==== Data block ====

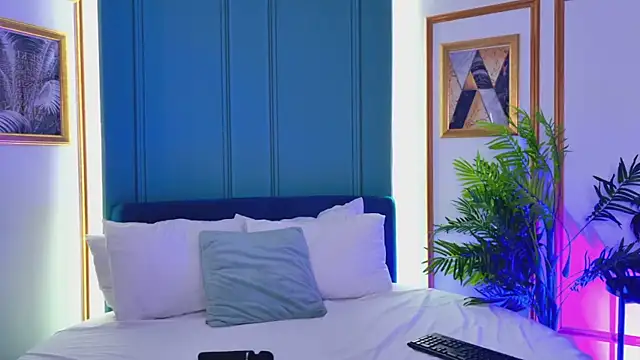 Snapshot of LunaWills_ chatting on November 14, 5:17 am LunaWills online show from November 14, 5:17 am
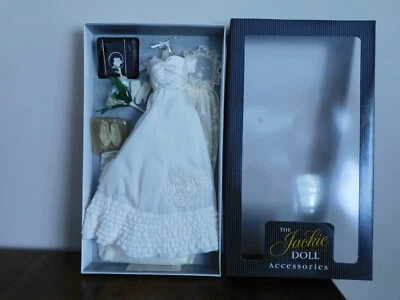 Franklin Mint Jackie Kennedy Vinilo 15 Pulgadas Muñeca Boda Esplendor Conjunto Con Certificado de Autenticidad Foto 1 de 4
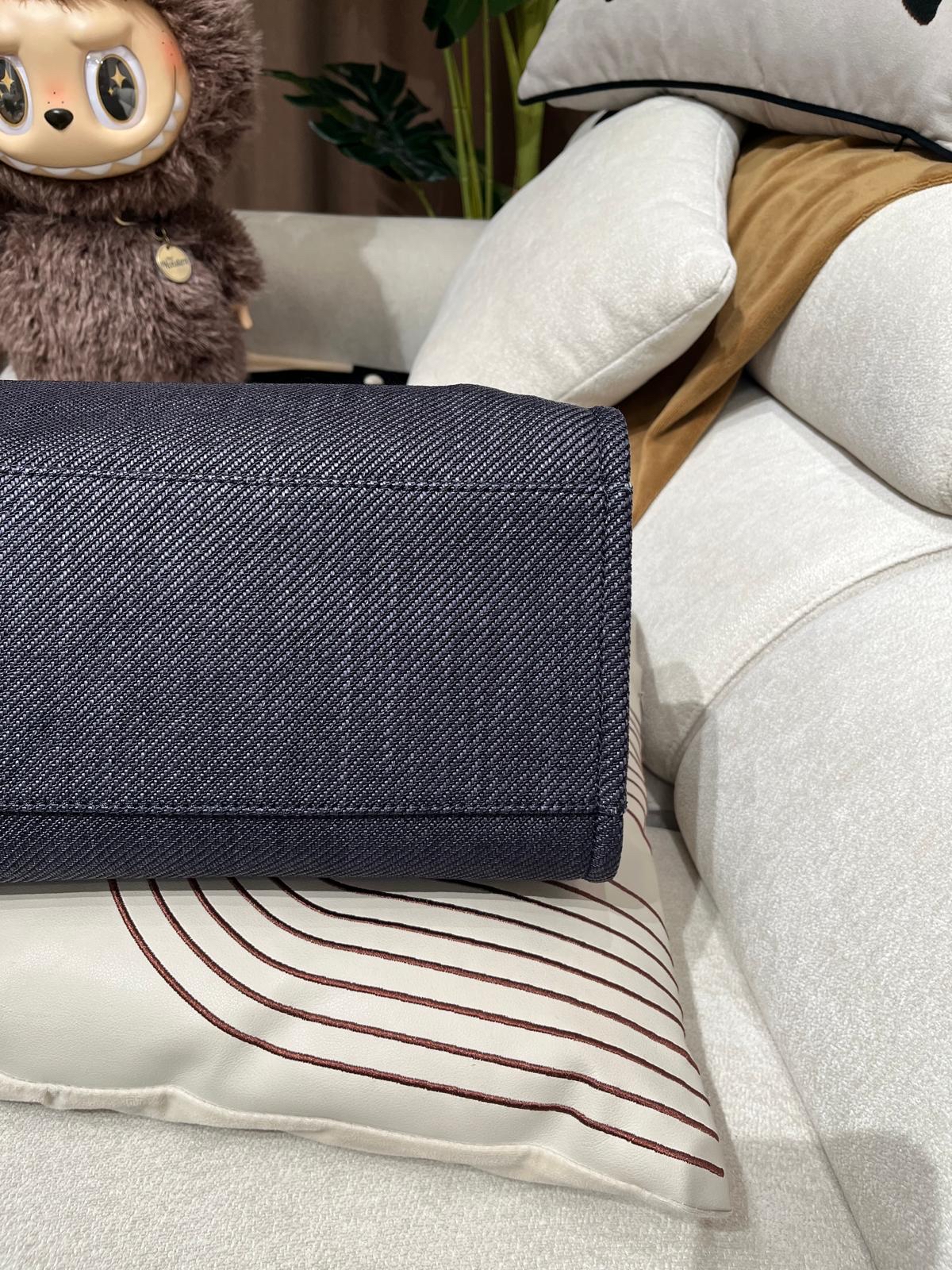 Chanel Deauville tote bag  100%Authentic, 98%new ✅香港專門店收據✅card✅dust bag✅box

====

# What is needed
Nothing but an exact transcription of the material, without pictures, should be returned.

# Response area
 Snapshot of LunaWills_ chatting on November 14, 5:17 am LunaWills online show from November 14, 5:17 am
 Franklin Mint Jackie Kennedy Vinilo 15 Pulgadas Muñeca Boda Esplendor Conjunto Con Certificado de Autenticidad Foto 1 de 4
 Chanel Deauville tote bag  100%Authentic, 98%new ✅香港專門店收據✅card✅dust bag✅box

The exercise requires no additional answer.